**Exercise description:**
Your answer should be only the lines below from the one with "ドイツがカナダに快勝し、2勝目[ホップマンカップ]" to the one with "MP Studia Double", repeated exactly, ends included.

**Supplied records:**
◆ ◆ ◆ ◆

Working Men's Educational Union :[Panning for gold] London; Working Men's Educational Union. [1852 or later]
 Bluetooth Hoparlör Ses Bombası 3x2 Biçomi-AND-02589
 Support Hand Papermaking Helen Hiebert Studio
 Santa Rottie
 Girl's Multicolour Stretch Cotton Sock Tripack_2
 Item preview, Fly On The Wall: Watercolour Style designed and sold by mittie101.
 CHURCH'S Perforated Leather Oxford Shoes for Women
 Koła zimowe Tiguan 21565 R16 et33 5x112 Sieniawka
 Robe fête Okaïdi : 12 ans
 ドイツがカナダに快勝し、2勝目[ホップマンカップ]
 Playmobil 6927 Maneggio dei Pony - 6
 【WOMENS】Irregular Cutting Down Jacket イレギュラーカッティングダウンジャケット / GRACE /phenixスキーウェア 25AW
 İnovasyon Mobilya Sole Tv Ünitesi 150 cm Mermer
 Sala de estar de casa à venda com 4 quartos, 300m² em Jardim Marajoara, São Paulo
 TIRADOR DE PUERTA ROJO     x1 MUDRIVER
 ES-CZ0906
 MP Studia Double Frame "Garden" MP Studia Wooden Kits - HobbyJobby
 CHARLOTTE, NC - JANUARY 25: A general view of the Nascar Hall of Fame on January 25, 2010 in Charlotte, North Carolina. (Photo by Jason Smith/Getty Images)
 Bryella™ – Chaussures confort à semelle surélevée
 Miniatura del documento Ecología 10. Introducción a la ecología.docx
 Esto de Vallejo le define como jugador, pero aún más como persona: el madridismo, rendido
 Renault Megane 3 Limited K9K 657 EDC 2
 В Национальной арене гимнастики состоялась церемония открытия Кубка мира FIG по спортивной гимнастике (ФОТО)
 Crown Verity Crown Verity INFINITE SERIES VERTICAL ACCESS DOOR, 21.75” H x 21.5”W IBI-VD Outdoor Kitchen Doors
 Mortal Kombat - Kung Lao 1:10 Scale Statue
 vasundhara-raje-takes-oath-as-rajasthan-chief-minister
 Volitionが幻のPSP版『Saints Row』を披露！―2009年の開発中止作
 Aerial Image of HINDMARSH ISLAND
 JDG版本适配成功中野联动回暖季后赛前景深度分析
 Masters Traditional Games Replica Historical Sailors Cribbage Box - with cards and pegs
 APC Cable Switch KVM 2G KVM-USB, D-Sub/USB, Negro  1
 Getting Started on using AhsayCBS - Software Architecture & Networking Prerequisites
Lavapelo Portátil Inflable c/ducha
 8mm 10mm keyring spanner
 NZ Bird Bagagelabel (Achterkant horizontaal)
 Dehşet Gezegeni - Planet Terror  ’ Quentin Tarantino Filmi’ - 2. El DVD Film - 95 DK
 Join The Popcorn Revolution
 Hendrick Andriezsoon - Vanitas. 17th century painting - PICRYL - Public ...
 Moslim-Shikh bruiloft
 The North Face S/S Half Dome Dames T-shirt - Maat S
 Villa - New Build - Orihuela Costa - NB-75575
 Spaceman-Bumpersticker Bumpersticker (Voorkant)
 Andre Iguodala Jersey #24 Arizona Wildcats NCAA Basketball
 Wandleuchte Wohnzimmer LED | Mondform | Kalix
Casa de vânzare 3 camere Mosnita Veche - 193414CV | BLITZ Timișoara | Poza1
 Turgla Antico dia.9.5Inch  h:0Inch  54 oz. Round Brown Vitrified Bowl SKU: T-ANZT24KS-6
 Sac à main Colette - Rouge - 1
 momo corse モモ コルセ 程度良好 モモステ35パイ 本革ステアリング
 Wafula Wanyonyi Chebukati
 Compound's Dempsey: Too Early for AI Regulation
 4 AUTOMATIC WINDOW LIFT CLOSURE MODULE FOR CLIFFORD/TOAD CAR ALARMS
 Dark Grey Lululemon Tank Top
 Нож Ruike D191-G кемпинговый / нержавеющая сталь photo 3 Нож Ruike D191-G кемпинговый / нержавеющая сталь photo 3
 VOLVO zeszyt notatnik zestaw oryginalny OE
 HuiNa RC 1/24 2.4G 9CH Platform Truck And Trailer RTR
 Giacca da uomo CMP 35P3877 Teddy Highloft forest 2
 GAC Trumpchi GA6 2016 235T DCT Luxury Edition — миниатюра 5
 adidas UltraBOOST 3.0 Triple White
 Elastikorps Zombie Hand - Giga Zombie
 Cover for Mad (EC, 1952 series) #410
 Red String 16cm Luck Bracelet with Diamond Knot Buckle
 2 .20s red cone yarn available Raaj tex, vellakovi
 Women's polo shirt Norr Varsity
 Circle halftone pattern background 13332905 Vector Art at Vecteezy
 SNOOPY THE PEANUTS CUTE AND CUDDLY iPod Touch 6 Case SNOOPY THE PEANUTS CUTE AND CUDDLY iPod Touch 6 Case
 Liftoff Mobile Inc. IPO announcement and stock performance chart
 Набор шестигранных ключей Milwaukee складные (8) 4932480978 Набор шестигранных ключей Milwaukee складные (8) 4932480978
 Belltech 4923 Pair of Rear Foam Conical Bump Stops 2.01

◆ ◆ ◆ ◆

**Answer to the exercise:**
 ドイツがカナダに快勝し、2勝目[ホップマンカップ]
 Playmobil 6927 Maneggio dei Pony - 6
 【WOMENS】Irregular Cutting Down Jacket イレギュラーカッティングダウンジャケット / GRACE /phenixスキーウェア 25AW
 İnovasyon Mobilya Sole Tv Ünitesi 150 cm Mermer
 Sala de estar de casa à venda com 4 quartos, 300m² em Jardim Marajoara, São Paulo
 TIRADOR DE PUERTA ROJO     x1 MUDRIVER
 ES-CZ0906
 MP Studia Double Frame "Garden" MP Studia Wooden Kits - HobbyJobby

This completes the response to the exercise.